The banquet being prepared is for ICA’s major fundraiser, our annual benefit—but this year with a special twist. The museum turns fifty in 2013, and to mark the occasion we are honoring Leonard Lauder: emeritus chairman of the Estée Lauder Companies, Inc., emeritus chairman of the Whitney Museum of American Art, emeritus trustee of Penn, tenacious art collector, exuberant philanthropist. Just this morning (this morning!) Mr. Lauder was on the front page of The New York Times for donating his unparalleled collection of Cubist art to the Metropolitan Museum. In a few short hours the Met’s director, Thomas Campbell, will be sampling the short ribs in the company of the directors of the Whitney, MoMA, the Barnes Collection, the deputy director of the Philadelphia Museum of Art, and former ICA director Claudia Gould. Claudia, who now leads New York’s Jewish Museum, helped inaugurate the venture this evening celebrates, ICA’s Whitney-Lauder Curatorial Fellows (WLCF) program, which brings fabulous young curators to us for a year or two, enriching our museum beyond measure.

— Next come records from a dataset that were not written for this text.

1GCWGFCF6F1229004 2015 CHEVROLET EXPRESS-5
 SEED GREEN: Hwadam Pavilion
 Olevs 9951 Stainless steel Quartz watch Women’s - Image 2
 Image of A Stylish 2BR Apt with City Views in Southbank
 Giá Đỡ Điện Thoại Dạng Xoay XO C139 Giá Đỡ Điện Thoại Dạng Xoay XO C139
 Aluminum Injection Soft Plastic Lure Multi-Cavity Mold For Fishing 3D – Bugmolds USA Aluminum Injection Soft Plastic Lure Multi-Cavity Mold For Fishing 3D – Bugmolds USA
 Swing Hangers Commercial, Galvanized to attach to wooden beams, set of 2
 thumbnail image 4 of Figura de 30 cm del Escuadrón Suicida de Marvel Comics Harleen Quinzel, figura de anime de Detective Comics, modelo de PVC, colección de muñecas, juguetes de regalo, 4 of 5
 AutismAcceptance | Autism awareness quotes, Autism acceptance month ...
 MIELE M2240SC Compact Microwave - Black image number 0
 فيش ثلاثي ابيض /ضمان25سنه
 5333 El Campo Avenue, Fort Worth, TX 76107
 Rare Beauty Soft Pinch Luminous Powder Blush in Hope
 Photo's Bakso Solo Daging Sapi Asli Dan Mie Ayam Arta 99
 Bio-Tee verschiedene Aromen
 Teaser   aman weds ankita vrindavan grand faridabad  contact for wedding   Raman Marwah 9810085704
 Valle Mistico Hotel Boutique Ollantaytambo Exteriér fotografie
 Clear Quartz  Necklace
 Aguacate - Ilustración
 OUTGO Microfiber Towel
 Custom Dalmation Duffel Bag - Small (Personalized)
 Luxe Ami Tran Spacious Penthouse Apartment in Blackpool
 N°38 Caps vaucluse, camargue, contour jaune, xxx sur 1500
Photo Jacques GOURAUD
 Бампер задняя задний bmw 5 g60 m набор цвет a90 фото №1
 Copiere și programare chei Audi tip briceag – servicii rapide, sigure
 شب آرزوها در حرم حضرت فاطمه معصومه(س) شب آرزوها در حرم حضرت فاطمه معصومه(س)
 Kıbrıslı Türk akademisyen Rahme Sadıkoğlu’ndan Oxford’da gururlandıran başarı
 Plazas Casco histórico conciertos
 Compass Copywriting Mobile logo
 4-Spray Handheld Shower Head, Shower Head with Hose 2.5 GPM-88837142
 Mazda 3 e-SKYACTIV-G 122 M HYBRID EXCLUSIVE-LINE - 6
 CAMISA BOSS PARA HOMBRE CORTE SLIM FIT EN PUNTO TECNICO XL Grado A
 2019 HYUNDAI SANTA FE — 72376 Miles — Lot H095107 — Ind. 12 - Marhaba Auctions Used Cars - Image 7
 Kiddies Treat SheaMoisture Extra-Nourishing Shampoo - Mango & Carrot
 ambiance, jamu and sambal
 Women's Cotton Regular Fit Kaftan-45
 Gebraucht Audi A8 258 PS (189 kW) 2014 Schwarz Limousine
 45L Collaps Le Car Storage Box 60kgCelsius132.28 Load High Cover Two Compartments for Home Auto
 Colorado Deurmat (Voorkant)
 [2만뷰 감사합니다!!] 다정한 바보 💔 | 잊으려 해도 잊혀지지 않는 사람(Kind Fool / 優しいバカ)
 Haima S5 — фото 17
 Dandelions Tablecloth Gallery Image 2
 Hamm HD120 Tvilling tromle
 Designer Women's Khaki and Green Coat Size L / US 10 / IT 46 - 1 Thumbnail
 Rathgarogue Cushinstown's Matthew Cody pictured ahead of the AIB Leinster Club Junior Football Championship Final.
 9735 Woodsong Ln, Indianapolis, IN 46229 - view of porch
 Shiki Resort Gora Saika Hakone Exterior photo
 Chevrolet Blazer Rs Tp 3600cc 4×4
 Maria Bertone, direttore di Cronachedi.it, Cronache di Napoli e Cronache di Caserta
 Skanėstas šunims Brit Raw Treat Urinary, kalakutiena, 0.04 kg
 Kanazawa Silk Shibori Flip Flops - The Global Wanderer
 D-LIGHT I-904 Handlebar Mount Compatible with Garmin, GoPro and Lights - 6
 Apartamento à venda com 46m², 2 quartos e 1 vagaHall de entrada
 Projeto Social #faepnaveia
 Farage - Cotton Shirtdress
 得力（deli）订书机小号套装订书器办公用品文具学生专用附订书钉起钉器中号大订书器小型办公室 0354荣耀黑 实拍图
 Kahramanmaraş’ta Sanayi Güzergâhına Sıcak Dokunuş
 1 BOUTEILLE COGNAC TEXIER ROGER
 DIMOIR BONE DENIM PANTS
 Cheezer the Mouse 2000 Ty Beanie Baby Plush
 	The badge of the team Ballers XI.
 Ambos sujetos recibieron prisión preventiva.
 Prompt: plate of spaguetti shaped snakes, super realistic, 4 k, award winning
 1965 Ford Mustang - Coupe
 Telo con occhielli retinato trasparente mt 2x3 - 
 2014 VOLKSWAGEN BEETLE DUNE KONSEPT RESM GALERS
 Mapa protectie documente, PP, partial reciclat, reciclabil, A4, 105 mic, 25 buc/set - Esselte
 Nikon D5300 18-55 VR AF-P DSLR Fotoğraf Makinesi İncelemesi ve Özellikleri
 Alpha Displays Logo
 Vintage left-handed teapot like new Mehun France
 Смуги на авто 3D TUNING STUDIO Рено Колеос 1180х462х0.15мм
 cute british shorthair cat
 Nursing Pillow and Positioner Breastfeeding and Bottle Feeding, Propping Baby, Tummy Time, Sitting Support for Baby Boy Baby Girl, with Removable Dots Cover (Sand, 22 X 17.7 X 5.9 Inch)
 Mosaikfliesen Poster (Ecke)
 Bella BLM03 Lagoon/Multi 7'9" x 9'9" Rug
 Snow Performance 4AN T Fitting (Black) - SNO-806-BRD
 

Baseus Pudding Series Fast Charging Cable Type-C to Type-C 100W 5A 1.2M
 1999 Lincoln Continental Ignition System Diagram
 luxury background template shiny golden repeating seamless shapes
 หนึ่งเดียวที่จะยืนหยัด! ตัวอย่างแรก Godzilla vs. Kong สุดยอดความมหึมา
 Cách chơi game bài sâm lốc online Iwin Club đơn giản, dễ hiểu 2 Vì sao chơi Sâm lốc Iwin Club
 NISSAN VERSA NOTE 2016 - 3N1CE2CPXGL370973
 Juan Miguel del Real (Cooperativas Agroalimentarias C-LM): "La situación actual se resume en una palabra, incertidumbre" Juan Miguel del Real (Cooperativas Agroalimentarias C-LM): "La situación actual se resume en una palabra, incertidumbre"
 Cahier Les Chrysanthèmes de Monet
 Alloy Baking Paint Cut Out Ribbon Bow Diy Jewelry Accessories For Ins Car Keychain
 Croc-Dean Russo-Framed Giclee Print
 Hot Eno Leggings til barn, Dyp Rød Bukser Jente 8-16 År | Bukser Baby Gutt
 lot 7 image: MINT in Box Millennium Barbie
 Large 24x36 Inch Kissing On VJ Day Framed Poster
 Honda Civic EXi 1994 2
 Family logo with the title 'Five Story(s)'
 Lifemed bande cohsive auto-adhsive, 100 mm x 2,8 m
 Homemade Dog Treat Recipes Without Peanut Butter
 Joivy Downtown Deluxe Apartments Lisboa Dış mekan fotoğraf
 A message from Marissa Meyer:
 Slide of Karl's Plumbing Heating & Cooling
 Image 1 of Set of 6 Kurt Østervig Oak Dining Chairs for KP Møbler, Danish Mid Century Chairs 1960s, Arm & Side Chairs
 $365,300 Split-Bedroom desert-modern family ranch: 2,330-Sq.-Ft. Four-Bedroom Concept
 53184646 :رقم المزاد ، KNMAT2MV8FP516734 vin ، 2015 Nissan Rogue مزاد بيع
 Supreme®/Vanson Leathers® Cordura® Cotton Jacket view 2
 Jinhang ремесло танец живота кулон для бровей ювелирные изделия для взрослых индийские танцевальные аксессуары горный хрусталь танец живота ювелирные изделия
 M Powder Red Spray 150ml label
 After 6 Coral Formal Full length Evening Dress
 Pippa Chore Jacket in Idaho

Now ICA’s director, Amy Sadao, is welcoming the guests as the late harvest panzanella salad is expertly served. Now the short ribs, accompanied by a video: a lively, charming piece that chronicles the WLCF program and its ten fellows to date.

photo: Sunny Miller

This impressive array of curators has fanned out from Philadelphia over the past decade, bringing their talents and skills to museums, galleries, festivals, and universities all over the world. Back in January, I watched the videographers, Matt Suib and Aaron Igler of Greenhouse Media (good friends of ICA who also document our exhibitions), tape their interview with Senior Curator Ingrid Schaffner. First Aaron transformed Ingrid’s office into a stage set, plugging in lights, microphones, and a big contraption called a “soft box” for creating an even glow. It was crowded. “Can we get about ten more people in here?” Ingrid suggested. “How about some flying squirrels?”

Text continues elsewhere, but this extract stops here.